=== TASK DIRECTIONS ===
Leaving out all pictures, return exactly the lines from the one that contains "BETTE BOUTIK Women's" through the end of the data below.

=== RAW DATA ===
▬▬▬▬▬▬▬▬▬▬

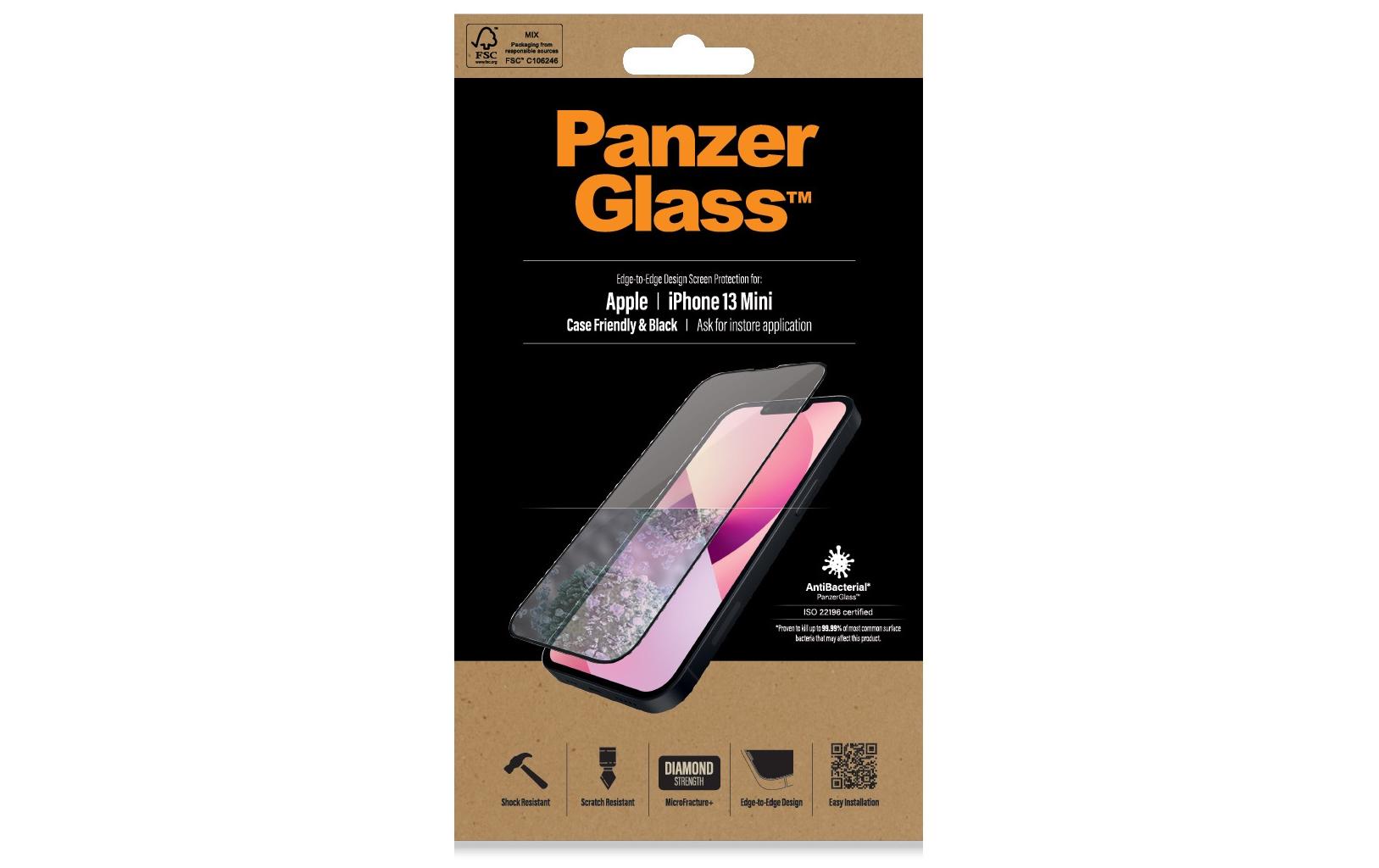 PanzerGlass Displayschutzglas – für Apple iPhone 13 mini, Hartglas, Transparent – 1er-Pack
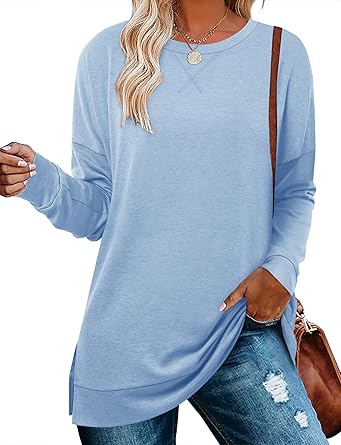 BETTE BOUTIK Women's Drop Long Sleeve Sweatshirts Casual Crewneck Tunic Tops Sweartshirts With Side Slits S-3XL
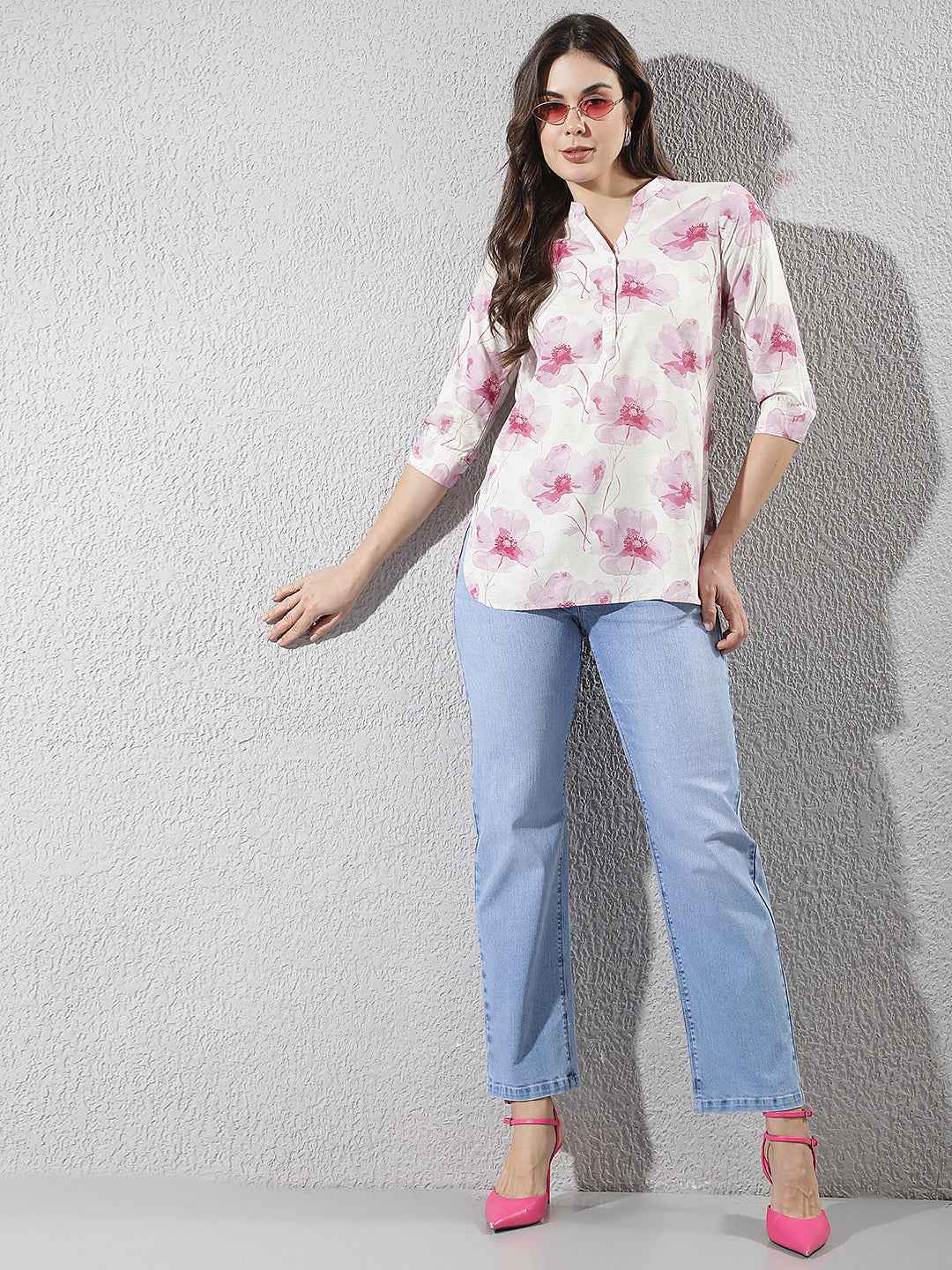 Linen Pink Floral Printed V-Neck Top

▬▬▬▬▬▬▬▬▬▬

=== EXERCISE RESPONSE ===
 BETTE BOUTIK Women's Drop Long Sleeve Sweatshirts Casual Crewneck Tunic Tops Sweartshirts With Side Slits S-3XL
 Linen Pink Floral Printed V-Neck Top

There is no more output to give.